Porém, o Relatório da Unicamp desenvolvido sobre o sistema de 2000 atestou que tal oportunidade existia de fato, comprovando que eram falsas as informações sobre o funcionamento do sistema que o Secretário de Informática do TSE incluiu num diploma legal. Mas nehuma conseqüência, nem mesmo uma advertência, recaiu sobre o Secretário de Informática do TSE por propositadamente desinformar os juízes, induzindo-os a erro de julgamento.

Em 1996, o TSE passou adotar as urnas-e para votação e apuração. Esta decisão é autorizada pelo Art. 152 do Código Eleitoral que, de forma clara e concisa, diz: “Lei 4.737/65 – Art. 152. Poderão ser utilizadas máquinas de votar, a critério e mediante regulamentação do Tribunal Superior Eleitoral.” Nesta norma é evidente a delegação de poderes executivo e legislativo ao órgão judiciário. Por meio de atos normativos chamados Resoluções, o TSE define autonomamente todas as condições em que as fiscalizações são permitidas. E o TSE usa e abusa destes poderes acumulados como demonstram vários casos documentados. Um exemplo é o caso dos programas de computador fechados mantidos até hoje dentro das urnas eletrônicas.

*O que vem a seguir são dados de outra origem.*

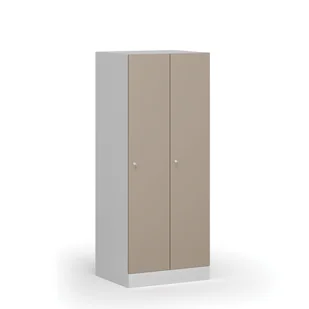 Szafka ubraniowa obniżona, 2 schowki, 1500 x 600 x 500 mm, zamek cylindryczny, drzwi beżowe - Szafki biurowe - miniaturka - grafika 1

O Art. 66 da Lei 9.504/97 dizia que os partidos, como fiscais, tinham direito ao conhecimento antecipado de todos os programas de computador utilizados, mas a Secretaria de Informática do TSE decidiu comprar parte dos programas sem exigir que os fornecedores abrissem os códigos-fonte (programa de computador em forma legível para auditoria) para a fiscalização.

Em 2000, o PDT, partido liderado justamente por Leonel Brizola e bem no estilo “gato escaldado tem medo de água fria”, impugnou os programas alegando que parte deles era mantida secreta, contrariando a lei. O presidente do TSE, Min. José Nery da Silveira, como chefe do executivo eleitoral era o responsável por cumprir a lei e apresentar os programas aos partidos. Enfim, era o “réu da impugnação”. Mas foi também o relator e juiz deste processo e se auto-inocentou. Sobrepôs a lei dos direitos autorais à lei eleitoral, declarando que o TSE não precisaria mostrar aos fiscais os programas cujos direitos autorais não detinha!

A notícia divulgada pelo TSE, e entendida pela sociedade, é que “todos os programas foram apresentados e aprovados pelos Partidos”. Omitiu-se que este “todos” referia-se a somente aos programas de propriedade intelectual do TSE.

O recurso contra esta absurda decisão, de que a lei eleitoral não precisaria ser cumprida pelo TSE, foi apresentada para julgamento do próprio TSE, que é sempre a última instância nestes casos. Nunca teve seu mérito julgado. Ficou engavetado até depois do fim das eleições e foi arquivado “por perda de objeto”. Resultado, até as últimas eleições de 2002, o TSE ainda utilizou programas nas urnas eletrônicas cujos códigos fontes são mantidos longe dos olhos da fiscalização, e nada indica que deixará de utilizar.

Mas porque devem os fiscais ter que pedir ao TSE para poder fiscalizar?

E porque o TSE, o fiscalizado, tem o direito de negar ou ignorar este pedido?

A solução para esta situação que tem comprometido a transparência eleitoral no Brasil é obvia. Devemos desconcentrar os poderes eleitorais:

- Criar um órgão normatizador eleitoral, dentro do Congresso Nacional, retirando este poder do TSE.
- Criar um órgão executivo eleitoral independente de comando direto dos poderes tradicionais, como no Chile, por exemplo.
- Criar um órgão fiscalizador composto pelos Partidos, mas com verba própria.
- Manter no TSE apenas a função judiciária.